### Information provided
◇ ◇ ◇ ◇ ◇ ◇ ◇
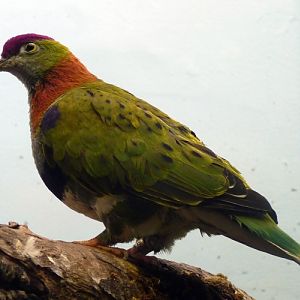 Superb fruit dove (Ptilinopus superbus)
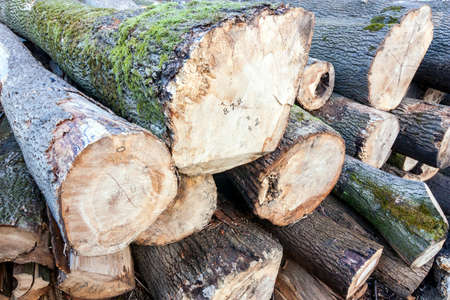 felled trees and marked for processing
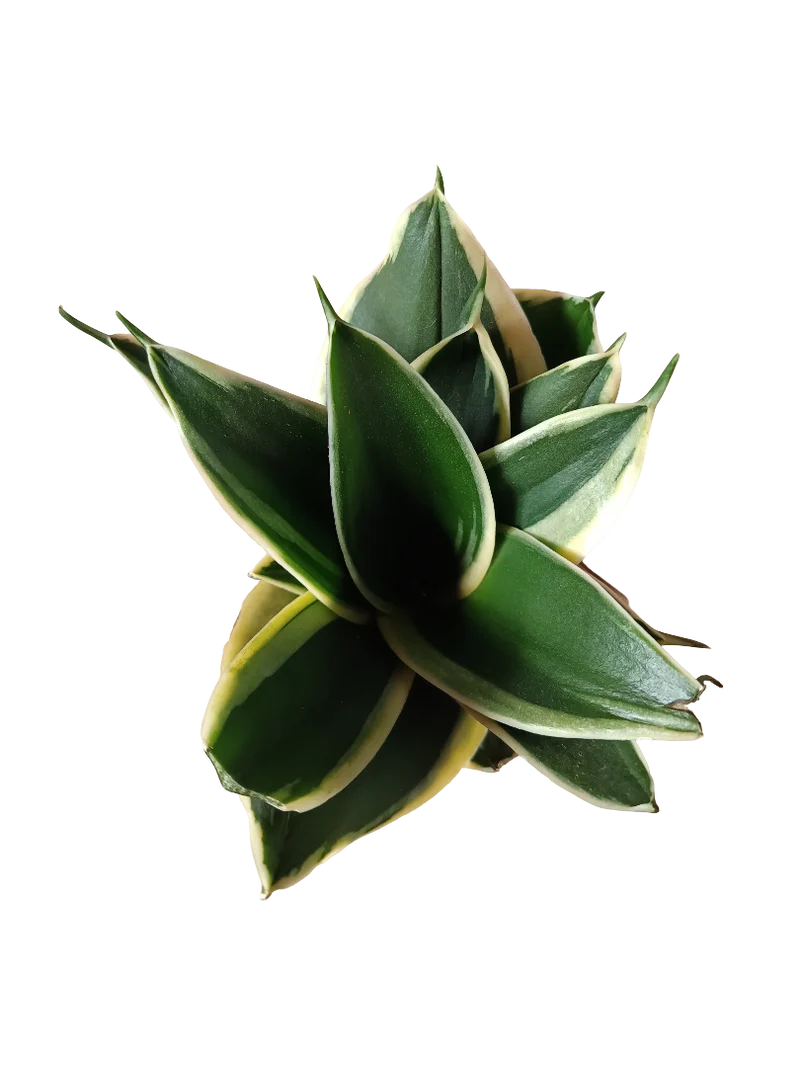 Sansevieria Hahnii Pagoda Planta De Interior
◇ ◇ ◇ ◇ ◇ ◇ ◇
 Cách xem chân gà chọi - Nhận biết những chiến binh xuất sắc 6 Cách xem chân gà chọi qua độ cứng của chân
◇ ◇ ◇ ◇ ◇ ◇ ◇
### The problem
Restate word for word every line from the one with "felled trees and marked for processing" up to and including the one with "Sansevieria Hahnii Pagoda Planta De Interior" in the records above, minus the pictures.

### Response for this exercise
 felled trees and marked for processing
 Sansevieria Hahnii Pagoda Planta De Interior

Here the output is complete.